Phygelius capensis, the cape figwort or cape fuchsia, is a species of flowering plant in the family Scrophulariaceae, native to South Africa and Lesotho.

==Description==
It is a semi-evergreen shrub growing to 120 cm tall by 150 cm wide. The oval leaves are up to 9 cm. Throughout summer it produces upright panicles, 60 cm long, of narrowly tubular flowers 5 cm long. The flowers are of an orange-pink colour along the outline of the petals, with a yellow center. There are five green leaves on every flower, and each leaf has a small point on it, which is referred to as a tooth of the leaf. The flowers often point back towards the stem. They also surround the stem, unlike P. aequalis where the flowers appear all on one side of the stem. The plant has an exceptionally long blooming season of roughly six months, from May to November.

This plant has gained the Royal Horticultural Society's Award of Garden Merit.

==Names==
The common name "cape fuchsia" derives from the flowers' passing resemblance to fuchsias, though they are not closely related. The name "figwort" is applied to several plants, including other members of the Scrophulariaceae.

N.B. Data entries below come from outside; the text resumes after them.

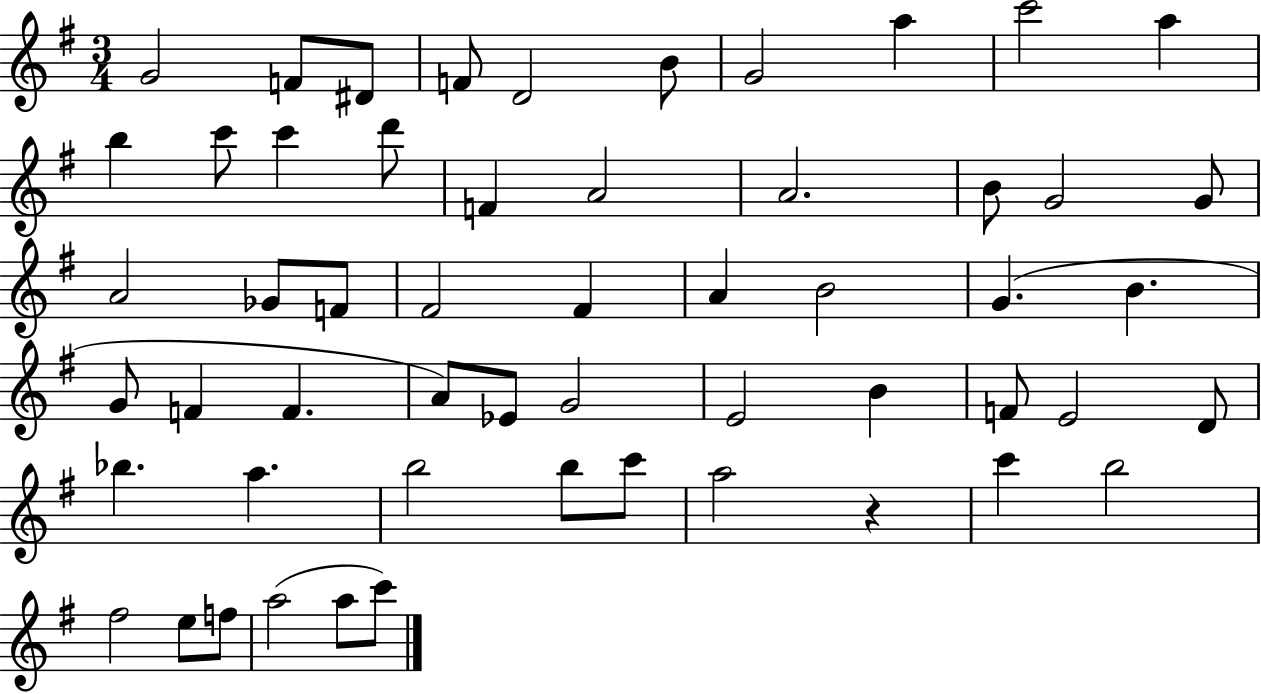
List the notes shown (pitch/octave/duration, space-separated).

G4/h F4/e D#4/e F4/e D4/h B4/e G4/h A5/q C6/h A5/q B5/q C6/e C6/q D6/e F4/q A4/h A4/h. B4/e G4/h G4/e A4/h Gb4/e F4/e F#4/h F#4/q A4/q B4/h G4/q. B4/q. G4/e F4/q F4/q. A4/e Eb4/e G4/h E4/h B4/q F4/e E4/h D4/e Bb5/q. A5/q. B5/h B5/e C6/e A5/h R/q C6/q B5/h F#5/h E5/e F5/e A5/h A5/e C6/e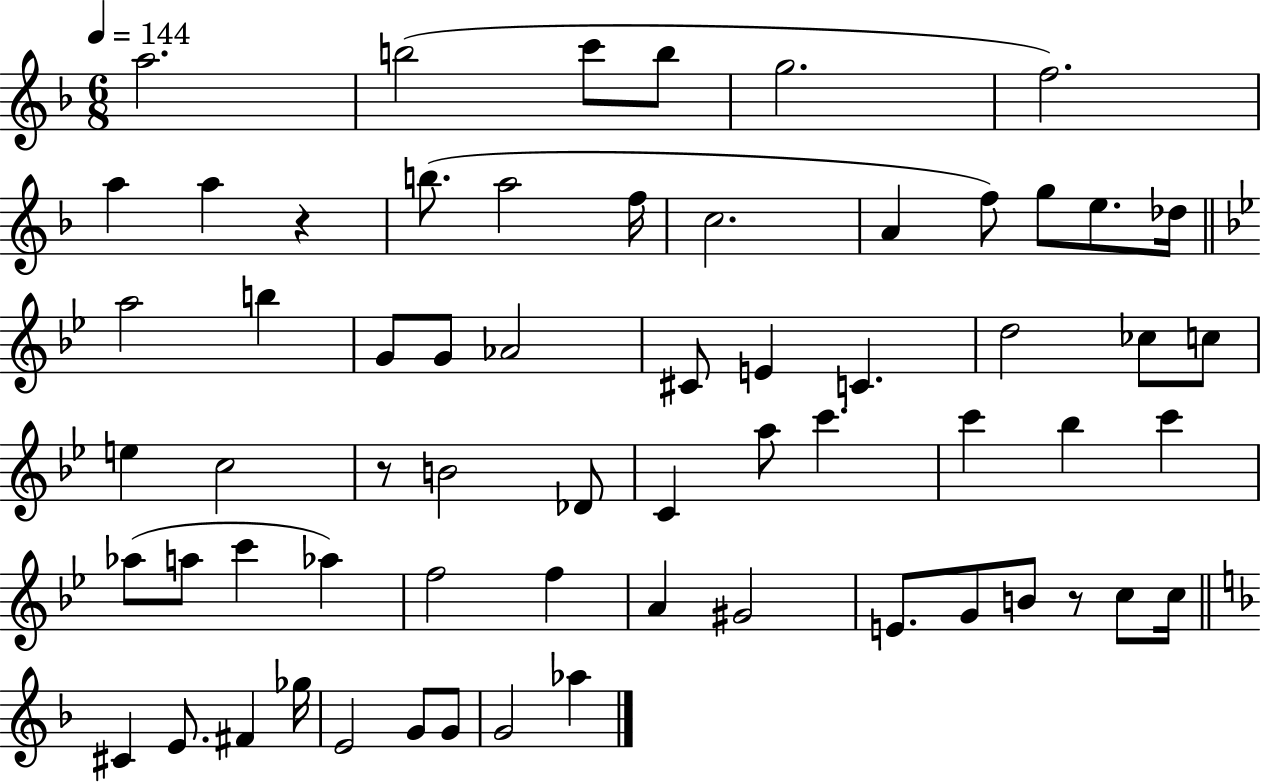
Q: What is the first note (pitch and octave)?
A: A5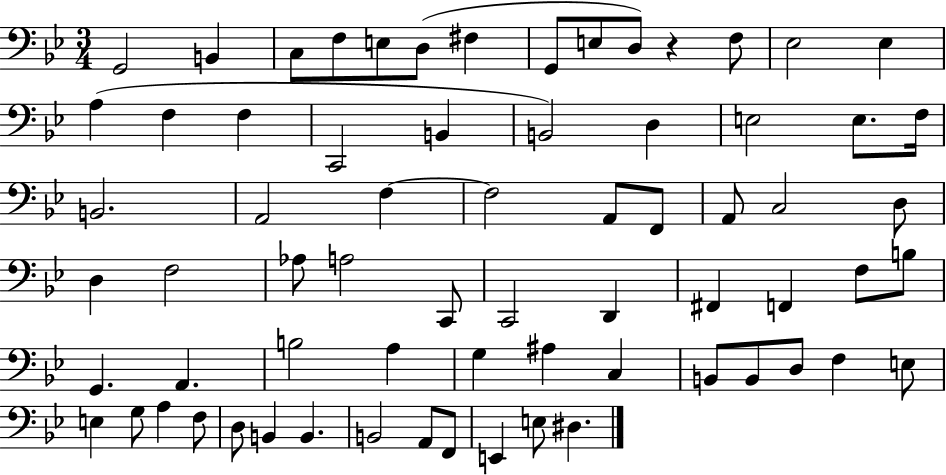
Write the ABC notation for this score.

X:1
T:Untitled
M:3/4
L:1/4
K:Bb
G,,2 B,, C,/2 F,/2 E,/2 D,/2 ^F, G,,/2 E,/2 D,/2 z F,/2 _E,2 _E, A, F, F, C,,2 B,, B,,2 D, E,2 E,/2 F,/4 B,,2 A,,2 F, F,2 A,,/2 F,,/2 A,,/2 C,2 D,/2 D, F,2 _A,/2 A,2 C,,/2 C,,2 D,, ^F,, F,, F,/2 B,/2 G,, A,, B,2 A, G, ^A, C, B,,/2 B,,/2 D,/2 F, E,/2 E, G,/2 A, F,/2 D,/2 B,, B,, B,,2 A,,/2 F,,/2 E,, E,/2 ^D,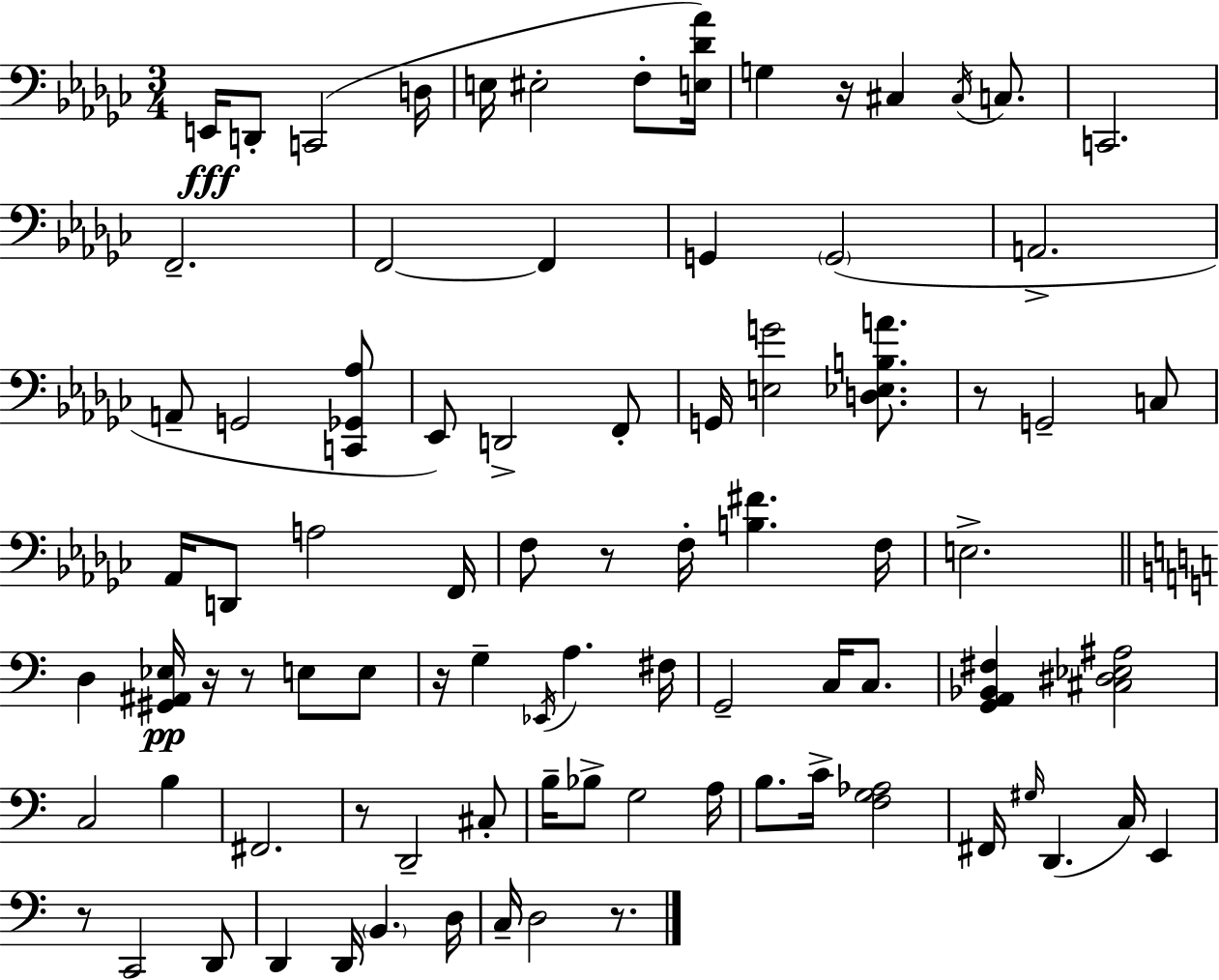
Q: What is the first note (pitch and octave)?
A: E2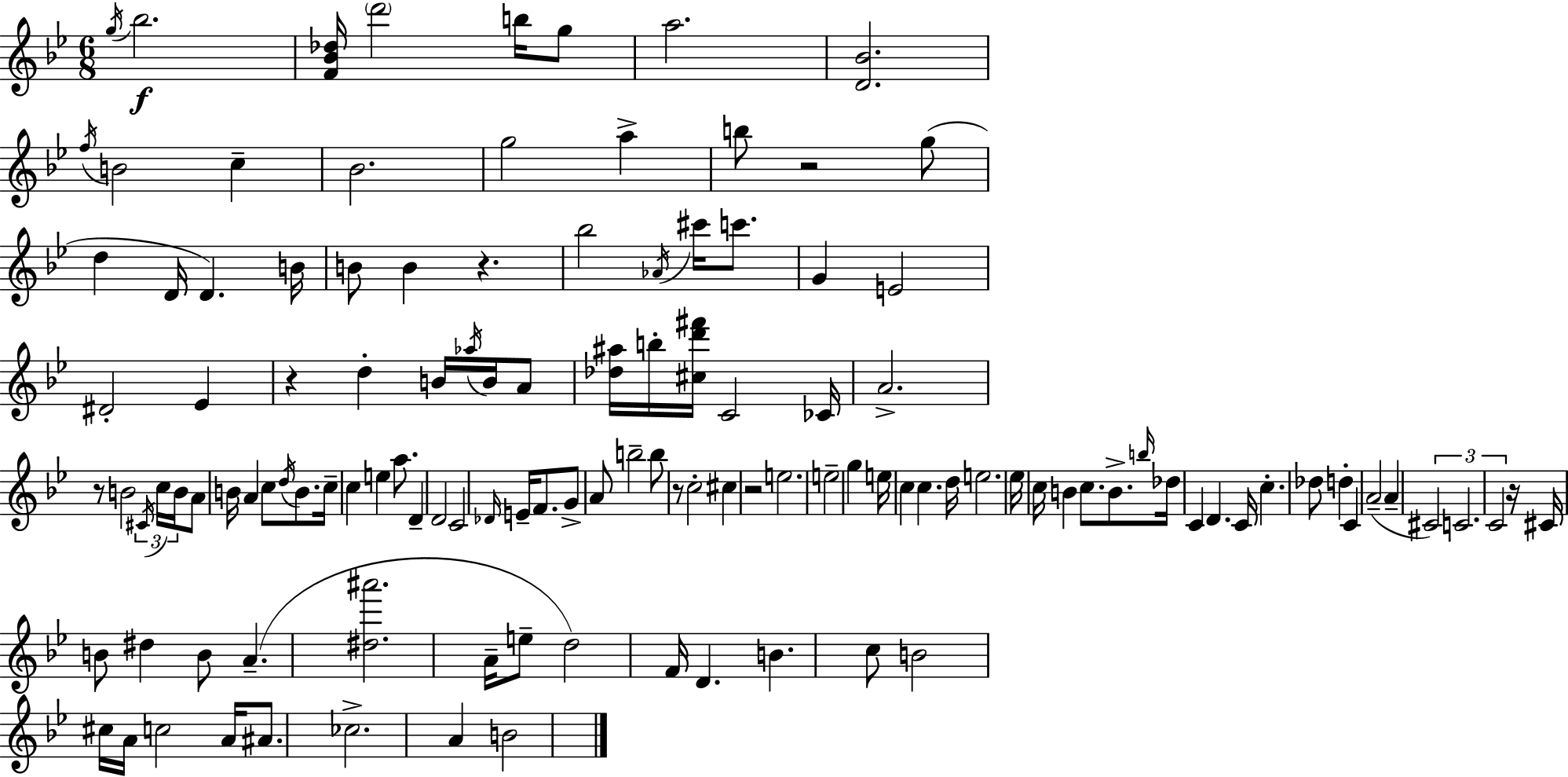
G5/s Bb5/h. [F4,Bb4,Db5]/s D6/h B5/s G5/e A5/h. [D4,Bb4]/h. F5/s B4/h C5/q Bb4/h. G5/h A5/q B5/e R/h G5/e D5/q D4/s D4/q. B4/s B4/e B4/q R/q. Bb5/h Ab4/s C#6/s C6/e. G4/q E4/h D#4/h Eb4/q R/q D5/q B4/s Ab5/s B4/s A4/e [Db5,A#5]/s B5/s [C#5,D6,F#6]/s C4/h CES4/s A4/h. R/e B4/h C#4/s C5/s B4/s A4/e B4/s A4/q C5/e D5/s B4/e. C5/s C5/q E5/q A5/e. D4/q D4/h C4/h Db4/s E4/s F4/e. G4/e A4/e B5/h B5/e R/e C5/h C#5/q R/h E5/h. E5/h G5/q E5/s C5/q C5/q. D5/s E5/h. Eb5/s C5/s B4/q C5/e. B4/e. B5/s Db5/s C4/q D4/q. C4/s C5/q. Db5/e D5/q C4/q A4/h A4/q C#4/h C4/h. C4/h R/s C#4/s B4/e D#5/q B4/e A4/q. [D#5,A#6]/h. A4/s E5/e D5/h F4/s D4/q. B4/q. C5/e B4/h C#5/s A4/s C5/h A4/s A#4/e. CES5/h. A4/q B4/h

==Growing and maintaining==
Phygelius capensis is a very easy plant to grow and take care of. The plant grows well in most fertile soils but may require some winter protection in colder areas. Because the plant can take care of itself, it is an easy plant for beginner gardeners to grow. It requires full sunlight and thus is generally only an outdoor plant. The plant is extremely versatile because it can survive in almost any kind of soil; normal, sandy or clay with a pH level of neutral, alkaline, or acid, however it prefers a rich, well-draining soil with regular watering. Cape fuchsias are easily grown from seeds collected the previous year. The plants form a woody base and should be pruned back to 6 inches or so each spring. Once established and actively growing, it they should be fed monthly with a good all-purpose fertilizer. Other than this, for the most part the plant will take care of itself. Once established it will run by underground stems and is considered invasive by some. In warm climates, P. capensis grows as a perennial plant, however in colder regions, it is grown as an annual.